Custom, Excise & Service Tax Tribunal

M/S. Satyam Paper Products & Polymers ... vs Cce, Visakhapatnam on 13 May, 2016

        

 
CUSTOMS, EXCISE AND SERVICE TAX APPELLATE TRIBUNAL
REGIONAL BENCH AT HYDERABAD
Bench  DB
Court  I


Appeal No.E/3255/2012

(Arising out of Order-in-original No.VIZ-CEX-001-COM-094-12 dt. 27/07/2012 passed by CCE&ST, Visakhapatnam)


For approval and signature:

Honble Ms. Sulekha Beevi, C.S., Member(Judicial)
Honble Shri Madhu Mohan Damodhar, Member(Technical)


1.
Whether Press Reporters may be allowed to see the Order for publication as per Rule 27 of the CESTAT (Procedure) Rules, 1982?



2.
Whether it should be released under Rule 27 of the CESTAT (Procedure) Rules, 1982 for publication in any authoritative report or not?



3.
Whether their Lordship wish to see the fair copy of the Order?


4.
Whether Order is to be circulated to the Departmental authorities?


M/s. Satyam Paper Products & Polymers Pvt. Ltd.
..Appellant(s)

Vs.
CCE, Visakhapatnam
..Respondent(s)

Appearance Ms. A.S.K. Swetha, Advocate for the appellant.

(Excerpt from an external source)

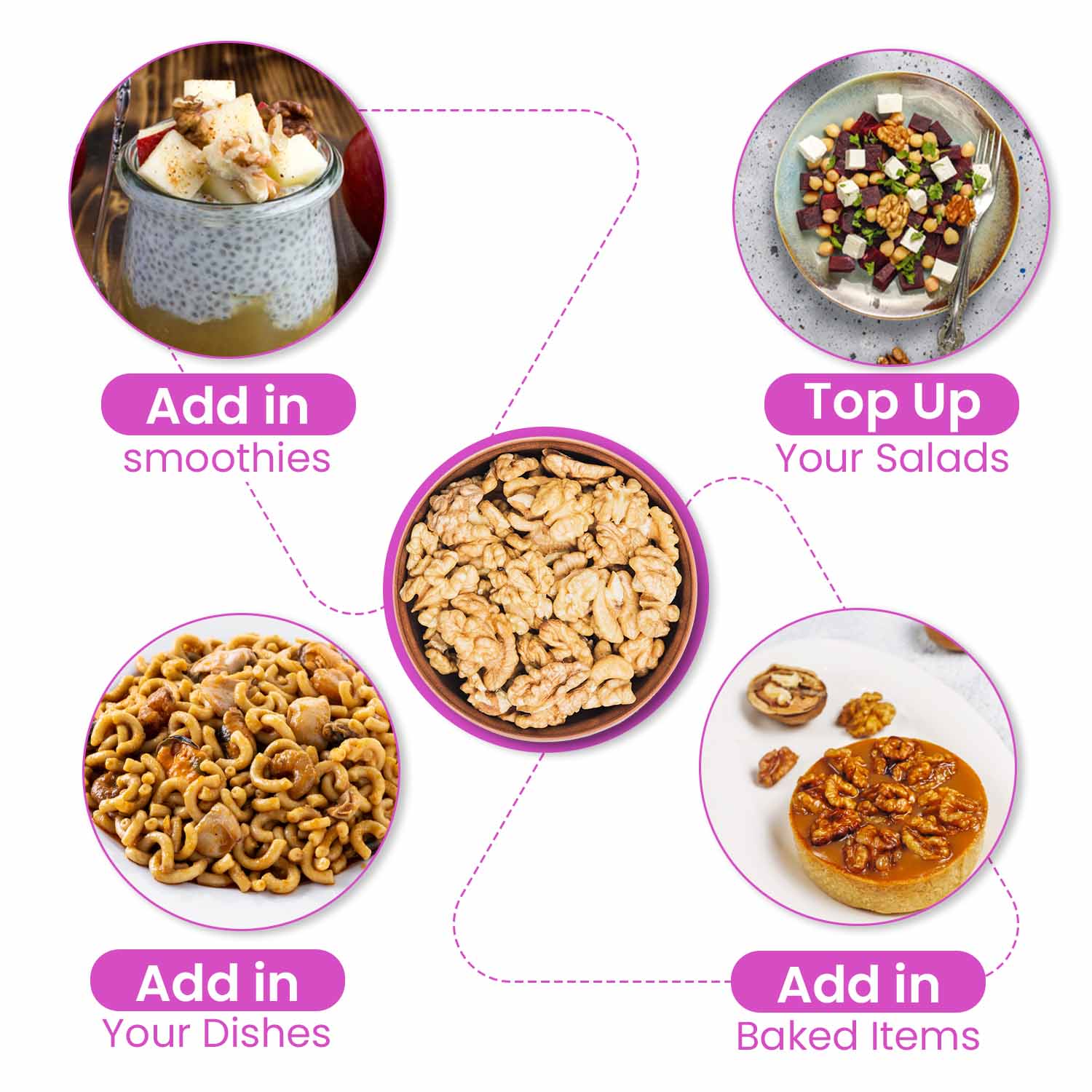 Nutraj Recipe Ready Walnut Kernels 250gm - Image 6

Shri Arun Kumar, Deputy Commissioner(AR) for the respondent.

Coram:

Honble Ms. Sulekha Beevi, C.S., Member(Judicial) Honble Shri Madhu Mohan Damodhar, Member(Technical) Date of Hearing:13/05/2016 Date of decision:13/05/2016 FINAL ORDER No._______________________ [Order per: Sulekha Beevi, C.S.] The facts of the case are that the appellant are engaged in the manufacture of LLDPE bags, corrugated boxes and Duplex boxes. They cleared corrugated cartons and Duple boxes without payment of duty to various sea food exporting units, claiming benefit of Notification No.43/2001-CE(NT) dated 26.06.2001. Department took the view that Notifications No.24/2010-CE(NT) dated 26.05.2010 has amended Notification 42/2001-CE(NT) dated 26.06.2001 inserting a condition restricting the scope of earlier Notification and specifically excluding export of excisable goods which are chargeable to Nil rate of duty or wholly exempted from payment of duty under bond; that since frozen prawns/shrimps and other marine food are chargeable to Nil rate of duty, hence export of these goods are not done under bond; therefore procurement of packing material from the exporter without payment of duty vide Notification No.43/2001-CE (NT) dated 26.06.2001 is incorrect. Consequently show cause notice was issued to the appellant. On adjudication the lower authority confirmed demand of Rs.6,27,799/- and interest thereon and also imposed penalty. Hence this appeal.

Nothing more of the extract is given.